Although this first venture into capitalism was not a great success - by the end of 1837 the Paterson Arms Company had made over 1,000 weapons, but there were no sales – he did eventually succeed and by the end of his life his net worth was in the region of $15 million.


Samuel Colt was born in Hartford, Connecticut. The narrator of Mark Twain’s A Connecticut Yankee in King Arthur’s Court is called Harry Morgan a 19th-century resident of Hartford, Connecticut Describe as a man familiar with the firearms and machinery trade.

It is a curious conceit that Twain, who once remarked to a group of labour unionists “Who are the oppressors?
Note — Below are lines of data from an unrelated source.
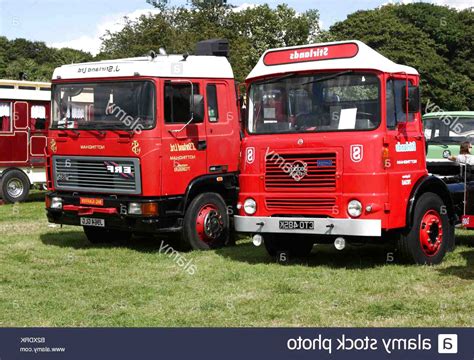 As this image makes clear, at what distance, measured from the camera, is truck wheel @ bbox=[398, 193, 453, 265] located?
10.2 metres

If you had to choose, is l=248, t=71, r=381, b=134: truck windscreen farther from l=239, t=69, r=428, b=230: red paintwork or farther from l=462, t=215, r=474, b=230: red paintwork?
l=462, t=215, r=474, b=230: red paintwork

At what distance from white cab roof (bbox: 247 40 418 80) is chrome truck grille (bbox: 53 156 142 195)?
2.44 meters

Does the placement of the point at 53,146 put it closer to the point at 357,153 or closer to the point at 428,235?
the point at 357,153

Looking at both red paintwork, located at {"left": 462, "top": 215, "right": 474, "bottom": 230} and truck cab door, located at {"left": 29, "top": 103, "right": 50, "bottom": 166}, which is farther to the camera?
truck cab door, located at {"left": 29, "top": 103, "right": 50, "bottom": 166}

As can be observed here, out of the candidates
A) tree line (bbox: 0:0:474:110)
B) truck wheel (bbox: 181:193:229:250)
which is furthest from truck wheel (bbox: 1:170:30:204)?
tree line (bbox: 0:0:474:110)

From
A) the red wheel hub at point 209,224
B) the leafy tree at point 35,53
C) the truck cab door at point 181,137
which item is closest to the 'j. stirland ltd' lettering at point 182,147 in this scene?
the truck cab door at point 181,137

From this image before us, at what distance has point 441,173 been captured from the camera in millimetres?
13727

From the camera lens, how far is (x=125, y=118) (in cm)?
1178

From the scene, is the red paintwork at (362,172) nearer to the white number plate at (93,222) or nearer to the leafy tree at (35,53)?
the white number plate at (93,222)

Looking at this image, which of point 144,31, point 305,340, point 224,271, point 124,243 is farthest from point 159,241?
point 144,31

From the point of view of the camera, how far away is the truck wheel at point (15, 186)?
2041 centimetres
The few: the King, the capitalist, and a handful of other overseers and superintendents. Who are the oppressed? The many: the nations of the earth; the valuable personages; the workers; they that make the bread that the soft-handed and idle eat”, should choose a capitalist such as Samuel Colt, as a model for his narrator of a work which is effectively the very exposition of the above remark. On reflection, one notes that George Bernard Shaw, a renowned socialist, had his arms dealer Andrew Undershaft as a model of acceptable (?) capitalist.